First, let’s create formatted data without weights and additional
columns ready to use with our svydesign object.
df2 <- fst_prepare(data = dev_coop,
question = 'q11_3',
id = 'fsd_id',
model = 'ftb',
stopword_list = 'nltk',
weights = NULL,
add_cols = NULL)Within the data analysis functions, there are 3 parameters (which are
in each function) which are used to add information from the
svydesign object.

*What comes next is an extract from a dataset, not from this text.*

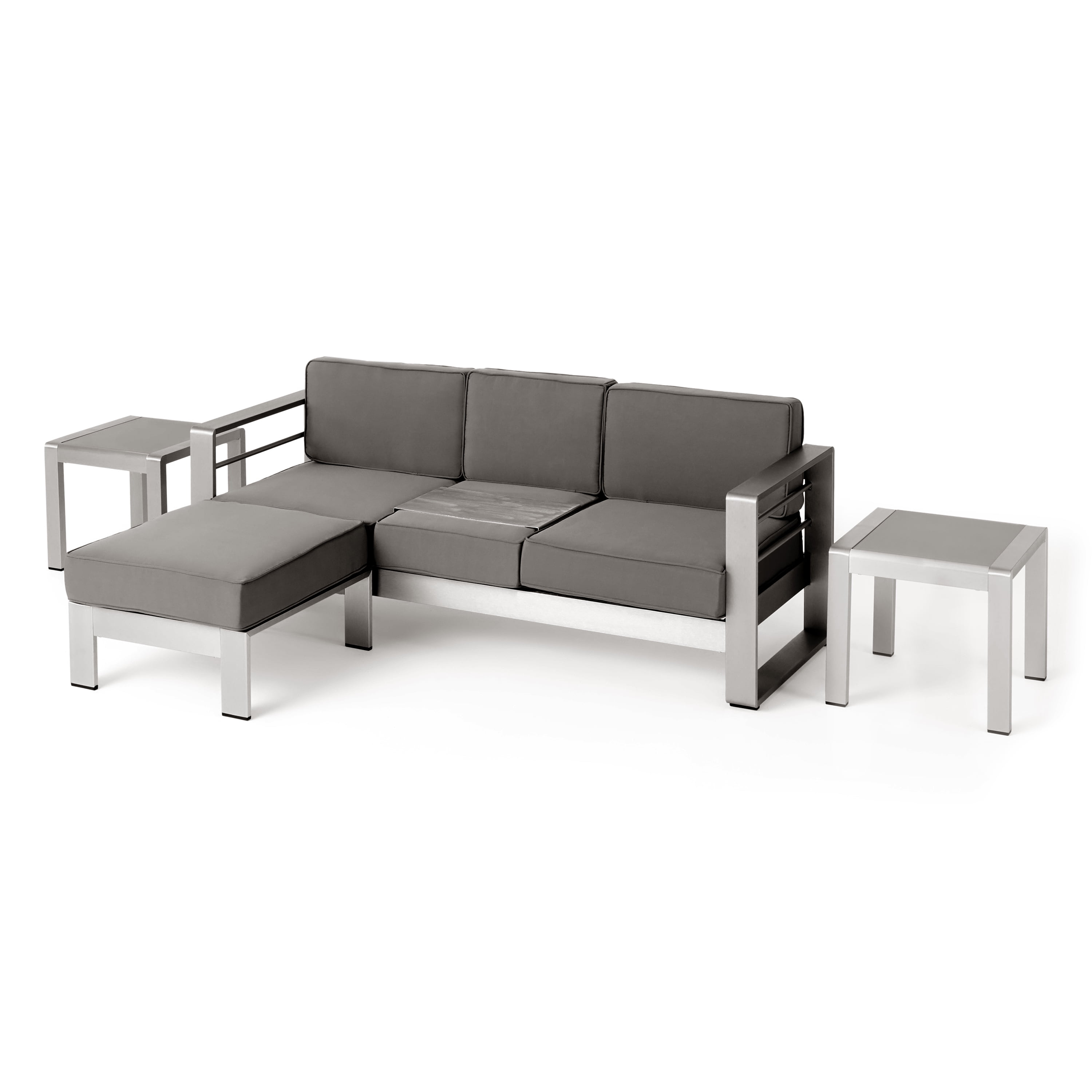 Silver and Khaki Aluminum Outdoor Sofa Set with Ottoman and Tables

These are:
-
use_svydesign_weights: should be set as TRUE if we want to use weights from within a svydesign object. -
id: only required if weights are coming from asvydesignobject -
svydesign: thesvydesignobject
Within the initial functions (the ones which are not used
for comparison between groups) these are used to add weights from the
svydesign object.
For example,
fst_wordcloud(df2,
pos_filter = c("NOUN", "VERB", "ADJ", "ADV"),
max=50,
use_svydesign_weights = TRUE,
id = 'fsd_id',
svydesign = svy_d)
fst_freq(df2,
number = 10,
norm = NULL,
pos_filter = NULL,
strict = TRUE,
name = NULL,
use_svydesign_weights = TRUE,
id = "fsd_id",
svydesign = svy_d,
use_column_weights = FALSE)
Within the comparison functions, we have the following additional parameter:
-
use_svydesign_field: set to TRUE if you want to getfieldfor splitting the data from thesvydesignobject
fst_ngrams_compare(fst_dev_coop_2,
field = 'gender',
number = 10,
ngrams = 1,
norm = NULL,
pos_filter = NULL,
strict = TRUE,
use_svydesign_weights = TRUE,
use_svydesign_field = TRUE,
id = "fsd_id",
svydesign = svy_d,
use_column_weights = FALSE,
exclude_nulls = TRUE,
rename_nulls = 'null_data',
unique_colour = "indianred",
title_size = 20,
subtitle_size = 15)
All of these functions call the function
fst_use_svydesign() in the background to add the
svydesign data to your formatted dataframe.